The Declaration also presented a list of grievances against this bank with a course of action concerning this financial institution. However this article will concentrate only on the reasons for the downgrade of the country’s largest bank: greed and arrogance. America is being misled: profit is not the same as greed. At some point, excessive profit does become greed but this is not what has happened with Bank of America: they made bad investments to generate excessive profit which did not come to fruition. They failed and started transferring debt to their customers and the American people:
Bank of America moved approximately$18 trillion worth of derivative obligations from Merrill Lynch and the BAC holding company to the FDIC insured retail deposit division. This transfers the risk from the bank to the taxpayers since the FDIC cannot cover this amount.
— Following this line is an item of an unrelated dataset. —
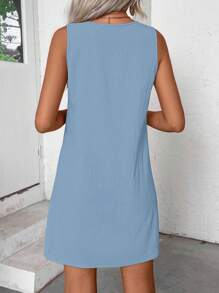 EMERY ROSE Casual Solid Color Sleeveless Dress With 2 Pockets - Baby Blue - View 2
This latest credit downgrade has a major consequence: BofA will pay a higher premium on their debt service. What is the solution? If they continue with their past business model, their customers will pay the price to bail out the bank in the near term. And this leads to the second reason for their failed business model: arrogance. Bank officials will not address their debt: they will transfer it.
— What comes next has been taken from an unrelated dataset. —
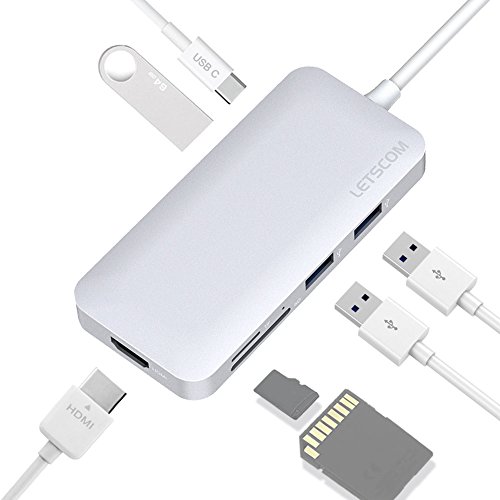Usb c hub, letscom type c hub 3.1 with usbc charging po…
The reasons for Moody’s downgrade are shown in the excerpt below. We have two simple questions to ask ourselves.
1. Why would we do transactions with any bank which has shown such bad business sense that their credit rating for long-term senior debt is a few “notches” above junk status?
2. Why would we do business with any company which is in debt and has no presented no solutions to address this debt? This is why Moody’s gave BofA a “negative outlook” for the future.
If BofA loses 22% of it credit derivative speculations, this is equal to the GDP for the US for a year or the entire debt of the country. Anyone who owns this stock has invested in a company whose future value is zero.
Moody’s Investors Service lowered its rating on Bank of America on Thursday along with 14 of the largest banks in the world.
It said Bank of America is one of several banks that has had trouble with risk management or a history of high volatility. Compared to other banks, it lacks stable business that can act as “shock absorbers” to mitigate the volatility of capital markets.
Moody’s also said Bank of America is among banks that are implementing business strategy changes intended to increase earnings from more stable activities.
“These transformations are ongoing and their success has yet to be tested,” Moody’s said.
Bank of America Corp. CEO Brian Moynihan has sold off many non-core businesses in the last year. However, the bank also has a large portfolio of poor quality mortgage loans that it inherited from its acquisition of Countrywide Financial Corp. in 2008.
The rating on Bank of America’s long-term senior debt was lowered one notch, to “Baa2” from “Baa1.” The new rating is still investment grade, three notches above non-investment grade or “junk” status. Moody’s said it has a negative outlook on Bank of America’s credit.
Its long-term deposit ratings were dropped to “A3” from “A2” and its short-term to “P-2” from “P-1.”
Downgrades mean Moody’s sees greater risks in a company’s debt, and they usually make it more costly to raise money by selling debt because investors demand higher interest in return for taking on greater risk.